◆ **Problem requirements**: The answer should consist of every line of the material, repeated verbatim.

◆ **Data shown**:
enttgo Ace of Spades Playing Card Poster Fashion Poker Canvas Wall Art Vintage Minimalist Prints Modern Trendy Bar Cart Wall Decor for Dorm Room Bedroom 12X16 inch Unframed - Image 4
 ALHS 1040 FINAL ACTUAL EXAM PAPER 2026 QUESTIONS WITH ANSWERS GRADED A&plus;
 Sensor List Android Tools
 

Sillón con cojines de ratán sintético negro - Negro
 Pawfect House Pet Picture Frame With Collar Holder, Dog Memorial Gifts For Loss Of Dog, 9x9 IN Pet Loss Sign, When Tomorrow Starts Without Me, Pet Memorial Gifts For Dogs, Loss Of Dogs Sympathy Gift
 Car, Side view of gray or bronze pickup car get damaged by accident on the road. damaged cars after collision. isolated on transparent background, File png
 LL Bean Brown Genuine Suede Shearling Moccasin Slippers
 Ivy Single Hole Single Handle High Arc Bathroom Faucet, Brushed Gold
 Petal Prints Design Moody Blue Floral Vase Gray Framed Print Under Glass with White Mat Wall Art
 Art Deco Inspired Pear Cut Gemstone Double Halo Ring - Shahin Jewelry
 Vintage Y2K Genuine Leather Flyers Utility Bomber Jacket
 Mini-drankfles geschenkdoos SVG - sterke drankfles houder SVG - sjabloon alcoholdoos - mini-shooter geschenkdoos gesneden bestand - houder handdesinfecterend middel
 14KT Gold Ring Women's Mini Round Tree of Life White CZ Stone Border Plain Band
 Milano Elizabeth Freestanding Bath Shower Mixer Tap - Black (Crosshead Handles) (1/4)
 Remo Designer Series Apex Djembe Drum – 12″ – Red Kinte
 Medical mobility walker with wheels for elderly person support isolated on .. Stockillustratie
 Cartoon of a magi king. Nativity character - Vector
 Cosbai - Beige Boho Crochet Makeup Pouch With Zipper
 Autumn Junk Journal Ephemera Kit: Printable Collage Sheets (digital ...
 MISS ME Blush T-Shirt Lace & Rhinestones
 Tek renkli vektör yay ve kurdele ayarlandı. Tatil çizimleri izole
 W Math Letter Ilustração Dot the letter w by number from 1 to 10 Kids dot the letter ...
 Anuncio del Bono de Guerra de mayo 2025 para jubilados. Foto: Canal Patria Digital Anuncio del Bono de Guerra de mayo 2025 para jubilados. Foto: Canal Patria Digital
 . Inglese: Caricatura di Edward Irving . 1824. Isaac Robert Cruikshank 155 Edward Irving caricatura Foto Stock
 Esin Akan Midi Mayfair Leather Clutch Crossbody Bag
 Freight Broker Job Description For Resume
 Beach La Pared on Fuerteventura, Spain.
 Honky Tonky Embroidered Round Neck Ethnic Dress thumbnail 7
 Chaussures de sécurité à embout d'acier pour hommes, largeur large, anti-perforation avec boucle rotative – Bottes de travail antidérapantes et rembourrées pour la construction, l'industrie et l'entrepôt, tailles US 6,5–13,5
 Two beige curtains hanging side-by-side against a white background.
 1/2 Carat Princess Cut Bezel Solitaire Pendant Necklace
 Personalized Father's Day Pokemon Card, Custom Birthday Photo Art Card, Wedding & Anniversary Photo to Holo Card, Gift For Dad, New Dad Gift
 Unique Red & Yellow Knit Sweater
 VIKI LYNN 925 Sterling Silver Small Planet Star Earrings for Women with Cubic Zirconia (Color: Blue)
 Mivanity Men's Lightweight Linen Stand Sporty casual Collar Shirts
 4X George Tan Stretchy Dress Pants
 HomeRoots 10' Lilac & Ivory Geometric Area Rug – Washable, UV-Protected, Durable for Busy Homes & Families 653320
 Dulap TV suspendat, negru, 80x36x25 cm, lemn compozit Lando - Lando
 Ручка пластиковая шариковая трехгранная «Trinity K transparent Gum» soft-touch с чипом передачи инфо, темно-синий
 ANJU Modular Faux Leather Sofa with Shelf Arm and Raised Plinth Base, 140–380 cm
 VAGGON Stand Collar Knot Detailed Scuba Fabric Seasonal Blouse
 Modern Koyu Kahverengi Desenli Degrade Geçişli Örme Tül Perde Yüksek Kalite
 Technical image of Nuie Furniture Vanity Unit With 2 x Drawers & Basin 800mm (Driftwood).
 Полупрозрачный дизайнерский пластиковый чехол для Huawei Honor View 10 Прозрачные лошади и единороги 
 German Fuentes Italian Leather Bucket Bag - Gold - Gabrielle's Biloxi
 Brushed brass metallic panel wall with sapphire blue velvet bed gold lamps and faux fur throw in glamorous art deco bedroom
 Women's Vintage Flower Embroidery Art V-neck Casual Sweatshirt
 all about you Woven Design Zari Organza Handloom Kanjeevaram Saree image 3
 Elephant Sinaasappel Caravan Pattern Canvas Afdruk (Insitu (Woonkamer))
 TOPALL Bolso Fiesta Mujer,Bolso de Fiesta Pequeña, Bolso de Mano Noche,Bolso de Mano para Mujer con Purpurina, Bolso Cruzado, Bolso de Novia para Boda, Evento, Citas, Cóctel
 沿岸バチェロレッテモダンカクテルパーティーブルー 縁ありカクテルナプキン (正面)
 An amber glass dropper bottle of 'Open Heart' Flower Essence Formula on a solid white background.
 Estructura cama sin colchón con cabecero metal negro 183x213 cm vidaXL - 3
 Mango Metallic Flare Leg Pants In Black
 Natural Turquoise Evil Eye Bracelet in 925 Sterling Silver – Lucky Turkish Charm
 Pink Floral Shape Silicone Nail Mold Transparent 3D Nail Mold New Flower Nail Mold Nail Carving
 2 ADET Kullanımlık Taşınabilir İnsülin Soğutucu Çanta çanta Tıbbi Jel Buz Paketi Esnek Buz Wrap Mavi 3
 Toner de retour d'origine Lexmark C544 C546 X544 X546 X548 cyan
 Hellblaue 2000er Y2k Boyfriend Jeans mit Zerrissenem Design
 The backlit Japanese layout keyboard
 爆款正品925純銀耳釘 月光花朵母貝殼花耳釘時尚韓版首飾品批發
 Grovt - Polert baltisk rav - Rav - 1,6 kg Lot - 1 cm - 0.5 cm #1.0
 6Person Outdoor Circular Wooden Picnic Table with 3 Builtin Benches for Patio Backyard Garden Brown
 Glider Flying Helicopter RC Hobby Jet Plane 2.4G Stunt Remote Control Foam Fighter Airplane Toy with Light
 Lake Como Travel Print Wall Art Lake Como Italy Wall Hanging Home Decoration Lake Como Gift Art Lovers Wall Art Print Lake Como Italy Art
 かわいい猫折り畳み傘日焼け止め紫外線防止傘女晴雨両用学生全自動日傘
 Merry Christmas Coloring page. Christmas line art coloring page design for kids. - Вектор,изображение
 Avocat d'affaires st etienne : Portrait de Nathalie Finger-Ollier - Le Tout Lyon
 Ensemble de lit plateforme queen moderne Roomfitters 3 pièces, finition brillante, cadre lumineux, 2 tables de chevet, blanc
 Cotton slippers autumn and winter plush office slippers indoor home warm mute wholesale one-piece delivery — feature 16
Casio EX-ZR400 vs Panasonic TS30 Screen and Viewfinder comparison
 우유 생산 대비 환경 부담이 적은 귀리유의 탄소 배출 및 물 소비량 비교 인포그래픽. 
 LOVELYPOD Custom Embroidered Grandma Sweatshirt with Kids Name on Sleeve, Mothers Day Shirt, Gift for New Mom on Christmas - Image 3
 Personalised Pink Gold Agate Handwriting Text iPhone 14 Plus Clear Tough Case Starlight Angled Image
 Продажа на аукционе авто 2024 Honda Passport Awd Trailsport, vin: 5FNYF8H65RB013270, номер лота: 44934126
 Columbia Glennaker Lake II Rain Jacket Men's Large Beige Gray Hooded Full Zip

◆ **Exercise solution**:
enttgo Ace of Spades Playing Card Poster Fashion Poker Canvas Wall Art Vintage Minimalist Prints Modern Trendy Bar Cart Wall Decor for Dorm Room Bedroom 12X16 inch Unframed - Image 4
 ALHS 1040 FINAL ACTUAL EXAM PAPER 2026 QUESTIONS WITH ANSWERS GRADED A&plus;
 Sensor List Android Tools
 

Sillón con cojines de ratán sintético negro - Negro
 Pawfect House Pet Picture Frame With Collar Holder, Dog Memorial Gifts For Loss Of Dog, 9x9 IN Pet Loss Sign, When Tomorrow Starts Without Me, Pet Memorial Gifts For Dogs, Loss Of Dogs Sympathy Gift
 Car, Side view of gray or bronze pickup car get damaged by accident on the road. damaged cars after collision. isolated on transparent background, File png
 LL Bean Brown Genuine Suede Shearling Moccasin Slippers
 Ivy Single Hole Single Handle High Arc Bathroom Faucet, Brushed Gold
 Petal Prints Design Moody Blue Floral Vase Gray Framed Print Under Glass with White Mat Wall Art
 Art Deco Inspired Pear Cut Gemstone Double Halo Ring - Shahin Jewelry
 Vintage Y2K Genuine Leather Flyers Utility Bomber Jacket
 Mini-drankfles geschenkdoos SVG - sterke drankfles houder SVG - sjabloon alcoholdoos - mini-shooter geschenkdoos gesneden bestand - houder handdesinfecterend middel
 14KT Gold Ring Women's Mini Round Tree of Life White CZ Stone Border Plain Band
 Milano Elizabeth Freestanding Bath Shower Mixer Tap - Black (Crosshead Handles) (1/4)
 Remo Designer Series Apex Djembe Drum – 12″ – Red Kinte
 Medical mobility walker with wheels for elderly person support isolated on .. Stockillustratie
 Cartoon of a magi king. Nativity character - Vector
 Cosbai - Beige Boho Crochet Makeup Pouch With Zipper
 Autumn Junk Journal Ephemera Kit: Printable Collage Sheets (digital ...
 MISS ME Blush T-Shirt Lace & Rhinestones
 Tek renkli vektör yay ve kurdele ayarlandı. Tatil çizimleri izole
 W Math Letter Ilustração Dot the letter w by number from 1 to 10 Kids dot the letter ...
 Anuncio del Bono de Guerra de mayo 2025 para jubilados. Foto: Canal Patria Digital Anuncio del Bono de Guerra de mayo 2025 para jubilados. Foto: Canal Patria Digital
 . Inglese: Caricatura di Edward Irving . 1824. Isaac Robert Cruikshank 155 Edward Irving caricatura Foto Stock
 Esin Akan Midi Mayfair Leather Clutch Crossbody Bag
 Freight Broker Job Description For Resume
 Beach La Pared on Fuerteventura, Spain.
 Honky Tonky Embroidered Round Neck Ethnic Dress thumbnail 7
 Chaussures de sécurité à embout d'acier pour hommes, largeur large, anti-perforation avec boucle rotative – Bottes de travail antidérapantes et rembourrées pour la construction, l'industrie et l'entrepôt, tailles US 6,5–13,5
 Two beige curtains hanging side-by-side against a white background.
 1/2 Carat Princess Cut Bezel Solitaire Pendant Necklace
 Personalized Father's Day Pokemon Card, Custom Birthday Photo Art Card, Wedding & Anniversary Photo to Holo Card, Gift For Dad, New Dad Gift
 Unique Red & Yellow Knit Sweater
 VIKI LYNN 925 Sterling Silver Small Planet Star Earrings for Women with Cubic Zirconia (Color: Blue)
 Mivanity Men's Lightweight Linen Stand Sporty casual Collar Shirts
 4X George Tan Stretchy Dress Pants
 HomeRoots 10' Lilac & Ivory Geometric Area Rug – Washable, UV-Protected, Durable for Busy Homes & Families 653320
 Dulap TV suspendat, negru, 80x36x25 cm, lemn compozit Lando - Lando
 Ручка пластиковая шариковая трехгранная «Trinity K transparent Gum» soft-touch с чипом передачи инфо, темно-синий
 ANJU Modular Faux Leather Sofa with Shelf Arm and Raised Plinth Base, 140–380 cm
 VAGGON Stand Collar Knot Detailed Scuba Fabric Seasonal Blouse
 Modern Koyu Kahverengi Desenli Degrade Geçişli Örme Tül Perde Yüksek Kalite
 Technical image of Nuie Furniture Vanity Unit With 2 x Drawers & Basin 800mm (Driftwood).
 Полупрозрачный дизайнерский пластиковый чехол для Huawei Honor View 10 Прозрачные лошади и единороги 
 German Fuentes Italian Leather Bucket Bag - Gold - Gabrielle's Biloxi
 Brushed brass metallic panel wall with sapphire blue velvet bed gold lamps and faux fur throw in glamorous art deco bedroom
 Women's Vintage Flower Embroidery Art V-neck Casual Sweatshirt
 all about you Woven Design Zari Organza Handloom Kanjeevaram Saree image 3
 Elephant Sinaasappel Caravan Pattern Canvas Afdruk (Insitu (Woonkamer))
 TOPALL Bolso Fiesta Mujer,Bolso de Fiesta Pequeña, Bolso de Mano Noche,Bolso de Mano para Mujer con Purpurina, Bolso Cruzado, Bolso de Novia para Boda, Evento, Citas, Cóctel
 沿岸バチェロレッテモダンカクテルパーティーブルー 縁ありカクテルナプキン (正面)
 An amber glass dropper bottle of 'Open Heart' Flower Essence Formula on a solid white background.
 Estructura cama sin colchón con cabecero metal negro 183x213 cm vidaXL - 3
 Mango Metallic Flare Leg Pants In Black
 Natural Turquoise Evil Eye Bracelet in 925 Sterling Silver – Lucky Turkish Charm
 Pink Floral Shape Silicone Nail Mold Transparent 3D Nail Mold New Flower Nail Mold Nail Carving
 2 ADET Kullanımlık Taşınabilir İnsülin Soğutucu Çanta çanta Tıbbi Jel Buz Paketi Esnek Buz Wrap Mavi 3
 Toner de retour d'origine Lexmark C544 C546 X544 X546 X548 cyan
 Hellblaue 2000er Y2k Boyfriend Jeans mit Zerrissenem Design
 The backlit Japanese layout keyboard
 爆款正品925純銀耳釘 月光花朵母貝殼花耳釘時尚韓版首飾品批發
 Grovt - Polert baltisk rav - Rav - 1,6 kg Lot - 1 cm - 0.5 cm #1.0
 6Person Outdoor Circular Wooden Picnic Table with 3 Builtin Benches for Patio Backyard Garden Brown
 Glider Flying Helicopter RC Hobby Jet Plane 2.4G Stunt Remote Control Foam Fighter Airplane Toy with Light
 Lake Como Travel Print Wall Art Lake Como Italy Wall Hanging Home Decoration Lake Como Gift Art Lovers Wall Art Print Lake Como Italy Art
 かわいい猫折り畳み傘日焼け止め紫外線防止傘女晴雨両用学生全自動日傘
 Merry Christmas Coloring page. Christmas line art coloring page design for kids. - Вектор,изображение
 Avocat d'affaires st etienne : Portrait de Nathalie Finger-Ollier - Le Tout Lyon
 Ensemble de lit plateforme queen moderne Roomfitters 3 pièces, finition brillante, cadre lumineux, 2 tables de chevet, blanc
 Cotton slippers autumn and winter plush office slippers indoor home warm mute wholesale one-piece delivery — feature 16
Casio EX-ZR400 vs Panasonic TS30 Screen and Viewfinder comparison
 우유 생산 대비 환경 부담이 적은 귀리유의 탄소 배출 및 물 소비량 비교 인포그래픽. 
 LOVELYPOD Custom Embroidered Grandma Sweatshirt with Kids Name on Sleeve, Mothers Day Shirt, Gift for New Mom on Christmas - Image 3
 Personalised Pink Gold Agate Handwriting Text iPhone 14 Plus Clear Tough Case Starlight Angled Image
 Продажа на аукционе авто 2024 Honda Passport Awd Trailsport, vin: 5FNYF8H65RB013270, номер лота: 44934126
 Columbia Glennaker Lake II Rain Jacket Men's Large Beige Gray Hooded Full Zip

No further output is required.